Assignment. Please restate the data exactly, from the first line to the last.

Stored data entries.
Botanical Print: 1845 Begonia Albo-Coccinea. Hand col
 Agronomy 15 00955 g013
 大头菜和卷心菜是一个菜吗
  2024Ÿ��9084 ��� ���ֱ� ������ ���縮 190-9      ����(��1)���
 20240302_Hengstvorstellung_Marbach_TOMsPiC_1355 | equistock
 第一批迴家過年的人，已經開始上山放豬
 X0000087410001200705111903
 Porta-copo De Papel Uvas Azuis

Answer for the task.
Botanical Print: 1845 Begonia Albo-Coccinea. Hand col
 Agronomy 15 00955 g013
 大头菜和卷心菜是一个菜吗
  2024Ÿ��9084 ��� ���ֱ� ������ ���縮 190-9      ����(��1)���
 20240302_Hengstvorstellung_Marbach_TOMsPiC_1355 | equistock
 第一批迴家過年的人，已經開始上山放豬
 X0000087410001200705111903
 Porta-copo De Papel Uvas Azuis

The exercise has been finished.